Senegal : Senegal's Wade woos voters in strife-torn Casamance
on 2012/2/13 11:10:06
Senegal

20120213
AFP
Senegal's President Abdoulaye Wade on Saturday wooed voters in the troubled Casamance with a new peace plan as mobilisation against his disputed third term appeared to run out of steam.


Wade, 85, who has campaigned energetically throughout the country over the past week while brushing off criticism over his third-term candidacy, offered separatist rebels in the restive region a new path to peace.

Meanwhile just two weeks before polls, an opposition protest called by rapper-led movement "Fed Up" drew only about 800 people in the capital amid rising concern the campaign to pressure Wade to step aside was faltering.

Often deadly riots and protests have marked the tense election period, but most presidential candidates -- who had vowed to work together to unseat Wade -- have refocused on their own election campaigns.

The octogenarian toured several towns in the Casamance, which has been a thorn in the side of his regime with violence by separatist rebels ongoing despite his promise before his election in 2000 to solve the crisis in 100 days.

"I propose the DDP plan: disarmament, demining, projects," he said at a rally in the town of Bignona, guarded by a heavy contingent of soldiers.

Disarmament was an essential prerequisite for peace, he argued. Demining would require the participation of the rebel Casamance Movement of Democratic Forces (MFDC) for it was this group, he said, that had planted them.

"I offer to the rebels five major agricultural projects," each covering 20,000 hectares (50,000 acres), across the region, he said.

He promised to finance the project entirely and said the rebel leaders he had put the plan to had responded favourably.

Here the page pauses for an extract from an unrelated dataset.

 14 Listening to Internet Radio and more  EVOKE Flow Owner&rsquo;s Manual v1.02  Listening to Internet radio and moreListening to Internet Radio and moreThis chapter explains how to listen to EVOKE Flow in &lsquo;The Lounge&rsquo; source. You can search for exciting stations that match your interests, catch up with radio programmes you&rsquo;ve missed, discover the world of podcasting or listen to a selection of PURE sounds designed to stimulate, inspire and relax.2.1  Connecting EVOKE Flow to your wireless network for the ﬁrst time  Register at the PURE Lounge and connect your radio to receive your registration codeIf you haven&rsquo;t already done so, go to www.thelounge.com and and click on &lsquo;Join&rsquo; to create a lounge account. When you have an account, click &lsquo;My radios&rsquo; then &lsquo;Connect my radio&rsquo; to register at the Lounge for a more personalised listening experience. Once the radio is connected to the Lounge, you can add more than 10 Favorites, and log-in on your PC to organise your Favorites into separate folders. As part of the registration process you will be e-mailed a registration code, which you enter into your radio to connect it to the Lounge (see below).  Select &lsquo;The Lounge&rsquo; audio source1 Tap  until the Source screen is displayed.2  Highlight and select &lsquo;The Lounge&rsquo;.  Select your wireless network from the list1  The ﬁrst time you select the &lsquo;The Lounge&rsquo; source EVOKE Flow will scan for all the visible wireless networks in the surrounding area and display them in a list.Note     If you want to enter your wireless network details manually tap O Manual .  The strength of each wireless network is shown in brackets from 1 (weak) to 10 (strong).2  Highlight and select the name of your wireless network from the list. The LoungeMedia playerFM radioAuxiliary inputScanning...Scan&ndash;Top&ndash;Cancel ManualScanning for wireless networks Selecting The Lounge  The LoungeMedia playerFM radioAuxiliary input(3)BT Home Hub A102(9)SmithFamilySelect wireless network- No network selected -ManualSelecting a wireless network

The MFDC has been fighting for independence since 1982 in the lush southern province separated from the rest of Senegal by the Gambia, which boasts sweeping palm-fringed beaches and is also home to West Africa's longest running conflict.

The conflict, which has seen periods of quiet and surges of violence, has not reached the levels of bloodshed of other wars in the region but has nonetheless claimed thousands of lives over the past three decades.

Violence soared over November and December with 23 people, including 10 civilians, killed in fighting.

Several peace accords have failed, the MFDC is reportedly riven with divisions and rebels are often implicated in large-scale hijackings and the terrorising of villagers.

In the capital Dakar, Fadel Barro, co-founder of the "Fed Up" youth movement, refused to be discouraged by poor turnout at the sandy palm-fringed Obelisk Square.

"Even if we are only 50, we represent a deep desire for change in Senegal," Barro, a bespectacled former journalist in a sea of swagger, told AFP.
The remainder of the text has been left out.